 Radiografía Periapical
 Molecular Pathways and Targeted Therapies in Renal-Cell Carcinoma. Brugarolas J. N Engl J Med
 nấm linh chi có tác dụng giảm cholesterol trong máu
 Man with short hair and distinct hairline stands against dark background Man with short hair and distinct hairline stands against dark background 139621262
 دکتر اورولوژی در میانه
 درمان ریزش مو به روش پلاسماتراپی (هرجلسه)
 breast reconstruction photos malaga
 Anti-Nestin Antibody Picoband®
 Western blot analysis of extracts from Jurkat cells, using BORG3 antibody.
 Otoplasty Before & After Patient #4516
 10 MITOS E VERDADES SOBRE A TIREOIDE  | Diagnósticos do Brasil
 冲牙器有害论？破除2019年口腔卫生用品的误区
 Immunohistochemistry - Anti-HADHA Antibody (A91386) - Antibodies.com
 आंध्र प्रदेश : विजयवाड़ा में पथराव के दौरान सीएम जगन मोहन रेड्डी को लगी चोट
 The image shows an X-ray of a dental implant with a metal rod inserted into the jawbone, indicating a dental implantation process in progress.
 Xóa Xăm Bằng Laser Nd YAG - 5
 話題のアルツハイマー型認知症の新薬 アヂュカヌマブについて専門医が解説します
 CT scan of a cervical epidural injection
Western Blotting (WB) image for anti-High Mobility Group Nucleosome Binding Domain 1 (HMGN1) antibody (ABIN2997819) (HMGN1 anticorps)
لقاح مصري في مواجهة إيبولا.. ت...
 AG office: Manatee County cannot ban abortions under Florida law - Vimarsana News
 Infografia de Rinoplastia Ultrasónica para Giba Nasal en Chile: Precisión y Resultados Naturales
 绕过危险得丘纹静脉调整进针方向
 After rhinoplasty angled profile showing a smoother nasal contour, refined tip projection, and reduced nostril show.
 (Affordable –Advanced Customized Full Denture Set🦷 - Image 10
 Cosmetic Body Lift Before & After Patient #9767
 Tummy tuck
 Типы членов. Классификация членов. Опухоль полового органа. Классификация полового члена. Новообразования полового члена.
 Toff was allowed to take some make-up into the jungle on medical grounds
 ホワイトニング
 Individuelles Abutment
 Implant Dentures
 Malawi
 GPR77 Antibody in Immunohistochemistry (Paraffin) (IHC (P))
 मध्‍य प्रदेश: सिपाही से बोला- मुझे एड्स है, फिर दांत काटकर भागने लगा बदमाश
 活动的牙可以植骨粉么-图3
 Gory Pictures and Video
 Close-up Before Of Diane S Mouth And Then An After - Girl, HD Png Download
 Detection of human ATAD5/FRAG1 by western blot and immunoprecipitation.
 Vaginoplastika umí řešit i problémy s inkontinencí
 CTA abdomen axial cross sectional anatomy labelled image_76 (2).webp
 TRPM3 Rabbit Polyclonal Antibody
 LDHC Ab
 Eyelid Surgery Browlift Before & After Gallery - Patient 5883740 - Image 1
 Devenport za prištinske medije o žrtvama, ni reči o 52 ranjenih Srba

※ ※ ※

• **Task item**
Reply with an exact copy of the lines running from the one containing "Individuelles Abutment" through the end of the entries above, both ends included.

• **Answer to this problem**
 Individuelles Abutment
 Implant Dentures
 Malawi
 GPR77 Antibody in Immunohistochemistry (Paraffin) (IHC (P))
 मध्‍य प्रदेश: सिपाही से बोला- मुझे एड्स है, फिर दांत काटकर भागने लगा बदमाश
 活动的牙可以植骨粉么-图3
 Gory Pictures and Video
 Close-up Before Of Diane S Mouth And Then An After - Girl, HD Png Download
 Detection of human ATAD5/FRAG1 by western blot and immunoprecipitation.
 Vaginoplastika umí řešit i problémy s inkontinencí
 CTA abdomen axial cross sectional anatomy labelled image_76 (2).webp
 TRPM3 Rabbit Polyclonal Antibody
 LDHC Ab
 Eyelid Surgery Browlift Before & After Gallery - Patient 5883740 - Image 1
 Devenport za prištinske medije o žrtvama, ni reči o 52 ranjenih Srba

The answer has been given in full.